Online Multi-Contact Receding Horizon Planning via Value Function Approximation

Jiayi Wang,Sanghyun Kim,Teguh Santoso Lembono,Wenqian Du,Jaehyun Shim,Saeid Samadi,Ke Wang,Vladimir Ivan,Sylvain Calinon,Sethu Vijayakumar,Steve Tonneau

Planning multi-contact motions in a receding horizon fashion requires a value function to guide the planning with respect to the future, e.g., building momentum to traverse large obstacles.

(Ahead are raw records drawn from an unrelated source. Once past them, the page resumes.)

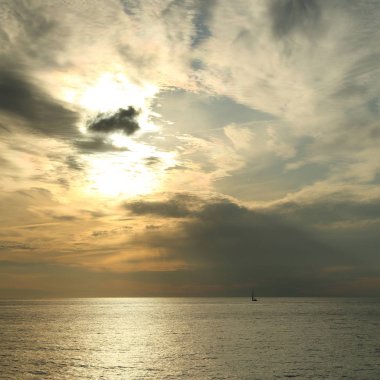 Güzel gün batımı Karadeniz ve yahts Sochi, Rusya Federasyonu. Seçilen odak.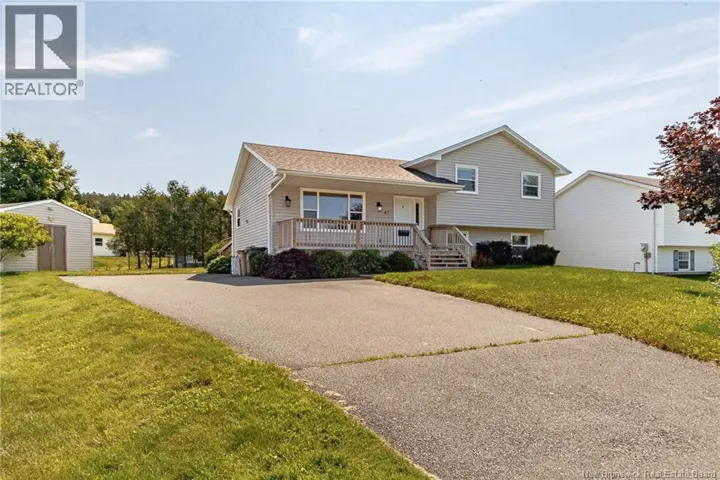 47 Glenwood Drive, Saint John, New Brunswick E2M5P3
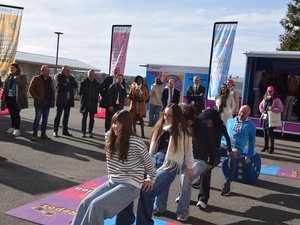 Le bus "Tips santé" a fait escale au lycée Foch de Rodez pour "promouvoir les bons messages"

Traditionally, the value function is approximated by computing trajectories in a prediction horizon (never executed) that foresees the future beyond the execution horizon. However, given the non-convex dynamics of multi-contact motions, this approach is computationally expensive. To enable online Receding Horizon Planning (RHP) of multi-contact motions, we find efficient approximations of the value function. Specifically, we propose a trajectory-based and a learning-based approach. In the former, namely RHP with Multiple Levels of Model Fidelity, we approximate the value function by computing the prediction horizon with a convex relaxed model. In the latter, namely Locally-Guided RHP, we learn an oracle to predict local objectives for locomotion tasks, and we use these local objectives to construct local value functions for guiding a short-horizon RHP. We evaluate both approaches in simulation by planning centroidal trajectories of a humanoid robot walking on moderate slopes, and on large slopes where the robot cannot maintain static balance. Our results show that locally-guided RHP achieves the best computation efficiency (95\%-98.6\% cycles converge online). This computation advantage enables us to demonstrate online receding horizon planning of our real-world humanoid robot Talos walking in dynamic environments that change on-the-fly.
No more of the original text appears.